I agree, but I'm surely willing to entertain that my prognosis, probably necessitating fifty years or more AFTER national recognition to occur, is wrong.
"American bans on interracial marriages were not supported by any major religious or moral system; those bans were immoral aberrations, no matter how many religious individuals may have supported them. Justices who overthrew bans on interracial marriages, therefore, had virtually every moral and religious value system since ancient times on their side. But justices who overthrow the ban on same-sex marriage have nothing other their hubris and their notions of compassion on their side."
Agreed, and we should further point out that Loving, a seminal case from Virginia, represented the High Court's validation of national legislative ideology, not a case of judicial activism, on par, say, with Brown.
"The modern secular liberal knows that he is not only morally superior to conservatives; he is morally superior to virtually everyone who ever lived before him."
Guilty. On the other hand, we do have a good case. Consider that women and minorities were excluded from the national discourse for centuries, leaving only (predominantly) white-male owners as the arbiters of right and wrong. Modern secular liberals also believe that they stand on the right side of human history, though, admittedly, similar to President Bush's claims vis-a-vis the Iraq invasion, this seems difficult for most to understand.
"If this verdict stands, society as we have known it will change."
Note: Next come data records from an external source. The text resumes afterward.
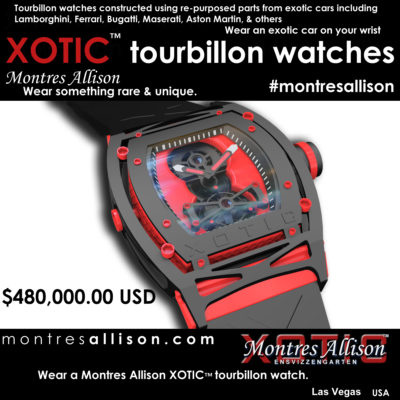 tourbillon las vegas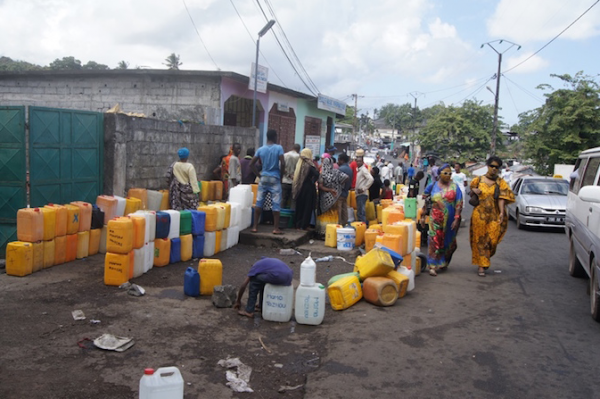 Pénurie d’eau / L’eau se fait rare dans la capitale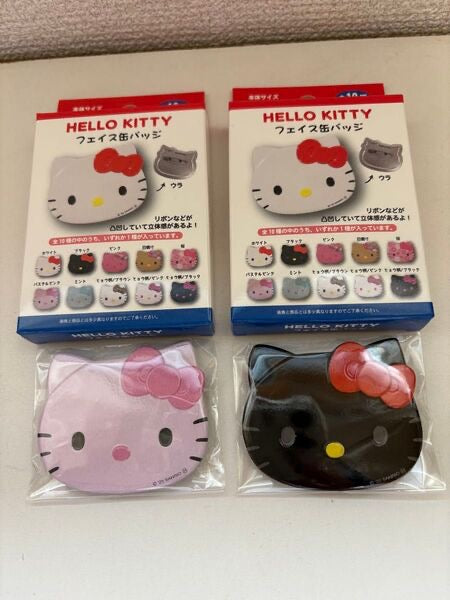 Hello Kitty|Trading Face Badge mystery bag/blind box/All 10 types|1pcs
D'accord, although we should say that this "change" is contingent upon many variables, not the least of which is whether a statistically significant number of women will gravitate toward their own sex for sensible reasons. I would further argue that this is particularly true toward females in the top-third percentile. Mr. Prager then concludes with what he deems an apocalyptic scenario, some of which is laughable and thus not deserving comment.
The key point, unaddressed by the author, is that only the patriarchy, its supporters (consciously) and adherents (unconsciously), would have anything to lose. The traditional man-woman marriage, at least in our society, invariably leads to a male-dominated society, which in some respects, has only the weapon of "tradition" to fend off the revolutionaries. And so it works. No one has any knowledge or understanding of a differing way of life and change on a large scale is nearly always feared. Most of us, in this century, are comfortable with the idea of two women or two men pursuing their own desires and dreams together, but how comfortable would we prove if it made up thirty to fifty percent of our population?
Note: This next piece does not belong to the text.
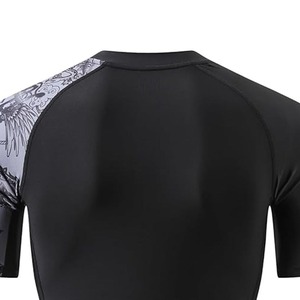 Men Gym Compression T Shirt <b>Under</b> Base <b>Layer</b> Tops Quick Dry Compression T Shirt - Product Image 4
Mr. Prager's guess is "not very." His conclusion:
"I take it as axiomatic that a gay man or woman is created in God's image and as precious as any other human being. And I readily acknowledge that it is unfair when an adult is not allowed to marry the love of his or her choice. But social policy cannot be made solely on the basis of eradicating all of life's unfairness. Thus, we must love the gay person -- and his and or her partner as well. But we must never change the definition of marriage. The price to society and succeeding generations will be too great."
"Social policy cannot be made solely on the basis of eradicating all of life's unfairness," was an argument, in time, thoroughly rejected by the nation on the issue of race, yet largely accepted by the nation on the issue of gender--especially with the failed ratification of the Equal Rights Amendment. I have long considered the same-sex marriage movement something of a (quiet) feminist flank attack after the demise of the ERA; in that debate, feminists failed to equate men with women, but to succeed now in equating "straights" with "gays" would immeasurably alter the social constructs of "man" and "woman." Truthfully, though, liberal activists can only provide the environment, they have, in some sense, as little control over how future generations respond to it as conservative ones. If more girls grow up wanting to be with women, well, things will change. If not, then they won't. In time, though, we will see what is biological and what is choice.